As things have developed, I've come to question infrastructure-specific external DSLs, like Salt, Terraform, even Chef to some extent. Infrastructure is not any less programmable than payments, machine learning, graphics, app servers. Why can't the tooling be provided as libraries, consumable from ordinary programming languages?
> I believe there was a case last year when one of the new AWS features was available in Terraform before it made it to CloudFormation :)
Yes, this has been known to happen, here is one example: https://stackoverflow.com/a/42142791/2518355 - this AWS feature was added Sep 21 2016, Terraform resource released support on May 11 2017, CloudFormation resource released support on Jun 6 2017.
However, several points should be added to this comparison:
- CloudFormation supports Custom Resources so you can always implement new AWS features yourself with a few lines of JavaScript, without waiting for the official resource implementation to be published.
- CloudFormation resources have extensive documentation, and are officially maintained + supported by AWS.
It's still the case. I can't find it on mobile, but I asked a StackOverflow question and later answered it myself after discovering something like this buried in the AWS documentation.
CloudFormation has supported YAML for at least a year or two now, and it’s leagues more readable and compact, not to mention maintainable—you can even add comments to your code with YAML (something that is impossible with the old JSON format).

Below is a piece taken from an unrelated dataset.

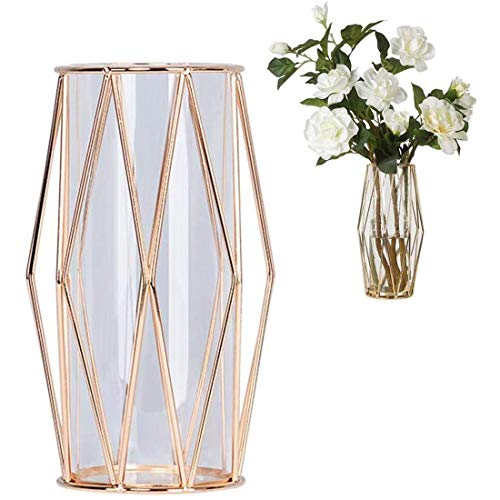 Vase Glas Blumenvase Mit Geometrischem Metallständer, Kristallklare Terrarien Pflanzgefäß Knospen-glasvasen Vase Für Pampasgras, Herzstück Für Zuhause/Büro/Hochzeit (Champagner Gold, Klein) Cover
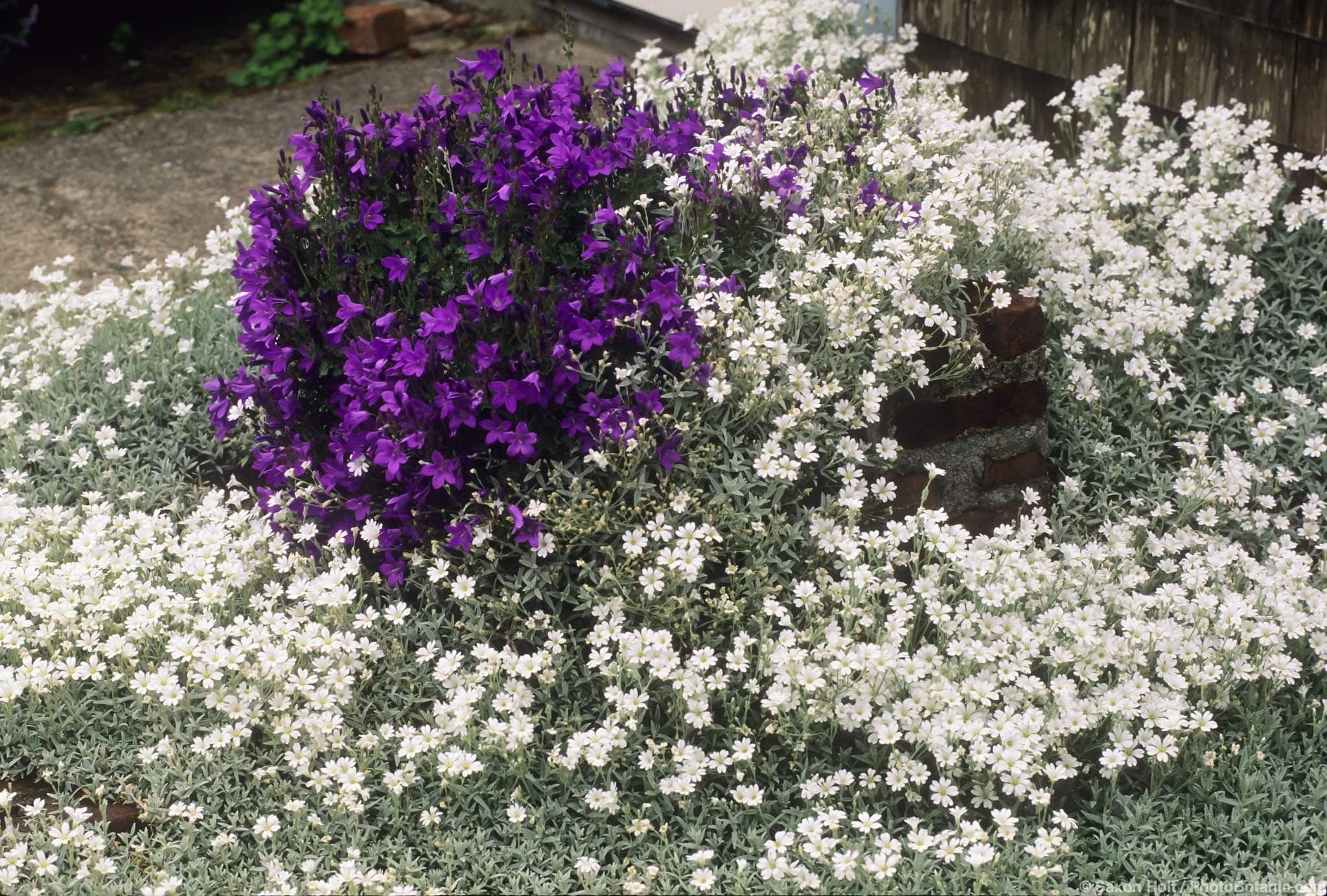 Cerastium tomentosum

I’ve spent a lot of time working between the two, and while Terraform does have a lot to offer and is often a very valid option, CloudFormation has its virtues, especially the fact that almost all bleeding edge AWS features are first available to be managed via CloudFormation (sometimes with weeks or months of lead time), and many bugs can be more readily ironed out with AWS support (assuming you have it).
Again, not saying don’t use Terraform, just that I don’t think the decision is quite as black and white as this blog post seems to make it.